Probability

Probability theory talks about the construction and implications of probability models. For example, given a probability distribution, what are the mean and variance? What is the distribution of a transformed random variable? In computer simulations, probability theory tells us what will happen to the generated realizations, in particular when the experiments can be repeated as many times as the researcher wishes. This is a real-world analogue of the frequentist’s interpretation of probability.

Probability Space

A sample space \(\Omega\) is a collection of all possible outcomes. It is a set of things.

An event \(A\) is a subset of \(\Omega\). It is something of interest on the sample space.

A \(\sigma\)-field is a complete set of events that include all countable unions, intersections, and differences.
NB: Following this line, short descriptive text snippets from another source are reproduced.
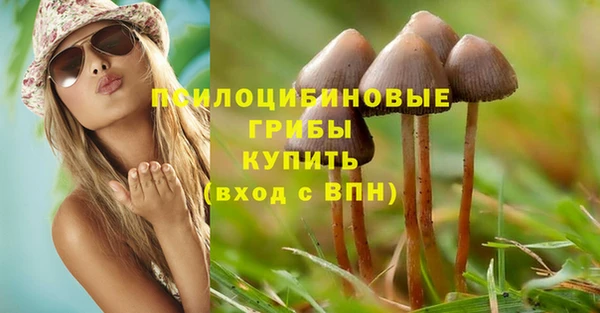 хмурый Абинск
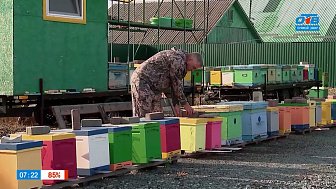 Мед от семьи Корскановых в рубрике «Мой бизнес. Готовый продукт»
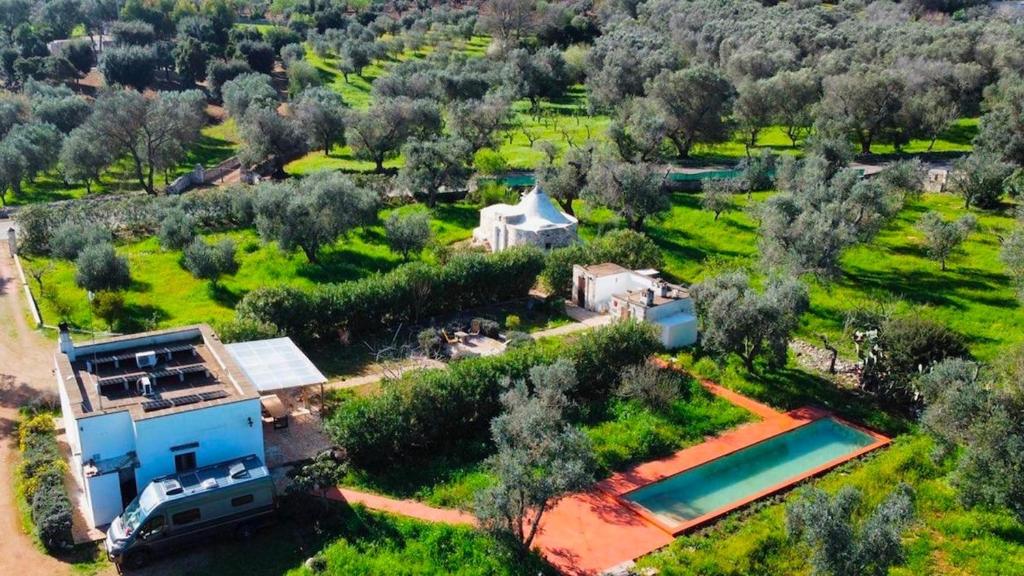 Casa e Trullo 57 Oliviers - 2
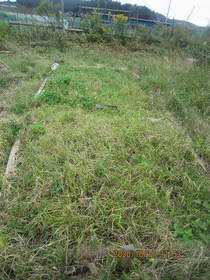 陸前高田ひろば20201017020.jpg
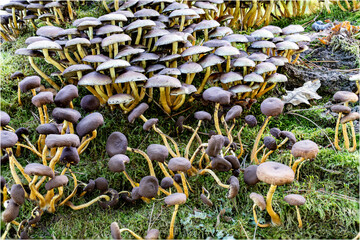 Pilze aus der Familie Hymenogatraceae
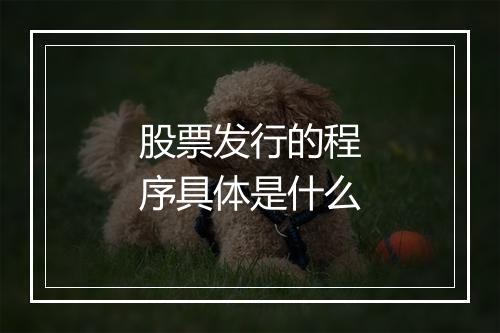 股票发行的程序具体是什么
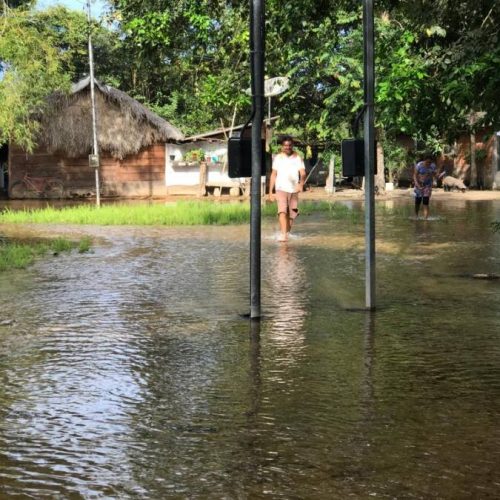 Indígenas da Aldeia Takaywrá reclamam da falta de assistÃªncia em meio a enchentes na região do rio formoso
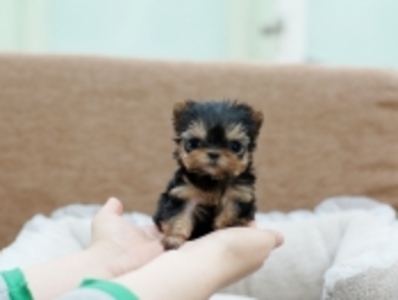 pic Excellent Teacup Yorkie Puppies For Adop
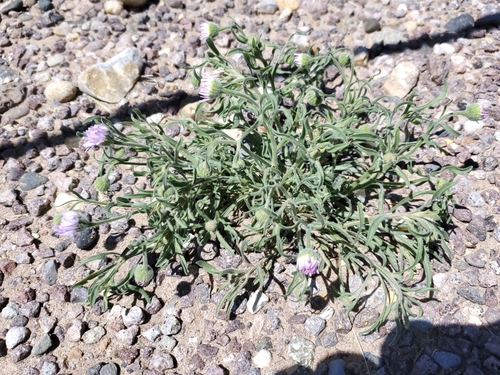 Image of Erigeron bellidiastrum by no rights reserved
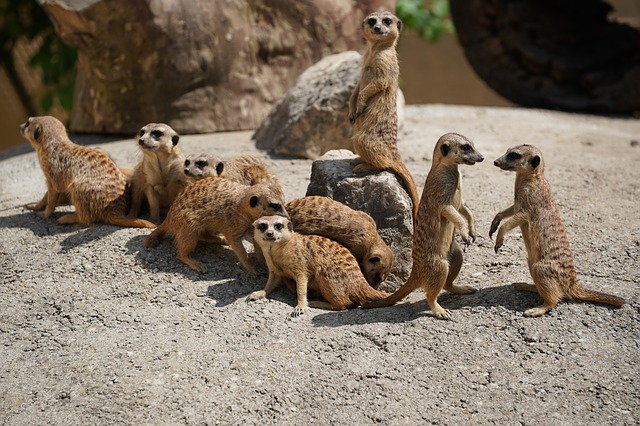 devět surikat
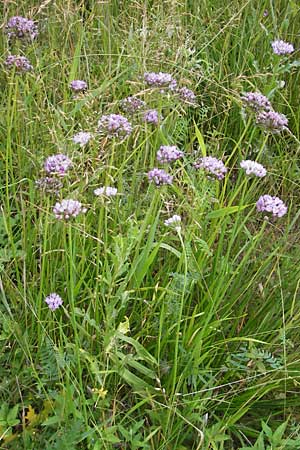 Allium angulosum \ Kanten-Lauch / Angle Onion, D Pfalz, Speyer 22.7.2009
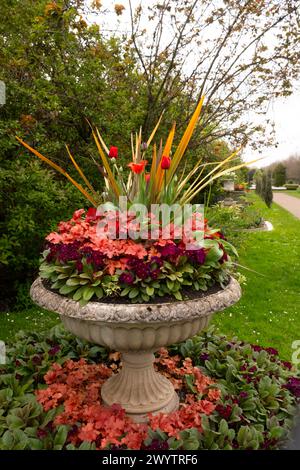 Eine Steinurne mit rotem Farbschema: Rote Tulipa, rote Primula und Huechera „Marmalade“ in den Avenue Gardens im Regent's Park. Stockfoto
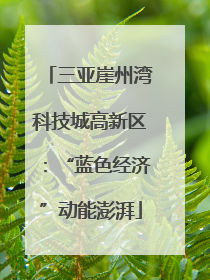 三亚崖州湾科技城高新区：“蓝色经济”动能澎湃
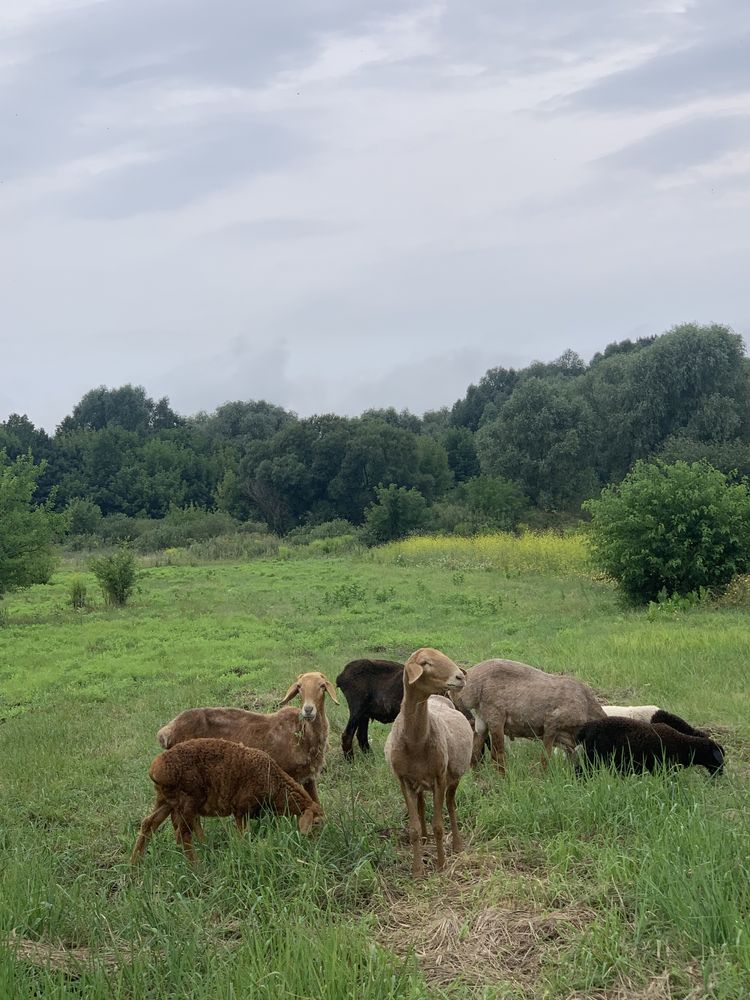 Продам вівці, барани, гіссари, дорпер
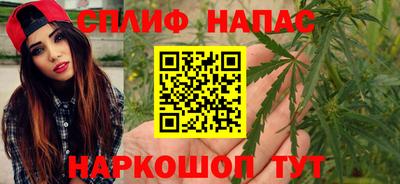 гашик Тулун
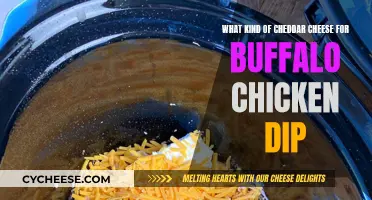 The Ultimate Cheddar Choice for Creamy Buffalo Chicken Dip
It is a well-organized structure built on the sample space.

A probability measure satisfies

(positiveness) \(P\left(A\right)\geq0\) for all events;
(countable additivity) If \(A_{i}\), \(i\in\mathbb{N}\), are mutually disjoint, then \(P\left(\bigcup_{i\in\mathbb{N}}A_{i}\right)=\sum_{i\in\mathbb{N}} P \left(A_{i}\right).\)
\(P(\Omega) = 1\).

The above construction gives a mathematically well-defined probability measure, but we have not yet answered “How to assign the probability?”

There are two major schools of thinking on probability assignment. One is the frequentist, who considers probability as the average chance of occurrence if a large number of experiments are carried out. The other is the Bayesian, who deems probability as a subjective brief. The principles of these two schools are largely incompatible, while each school has peculiar pros and cons under different real-world contexts.

Random Variable

A random variable maps an event to a real number. If the outcome is multivariate, we call it a random vector.

Distribution Function

We go back to some terminologies we learned in an undergraduate probability course. A (cumulative) distribution function \(F:\mathbb{R}\mapsto [0,1]\) is defined as

\[ F\left(x\right)=P\left(X\leq x\right). \]

It is often abbreviated as CDF, and it has the following properties.

\(\lim_{x\to-\infty}F\left(x\right)=0\),
\(\lim_{x\to\infty}F\left(x\right)=1\),
non-decreasing,
right-continuous \(\lim_{y\to x^{+}}F\left(y\right)=F\left(x\right).\)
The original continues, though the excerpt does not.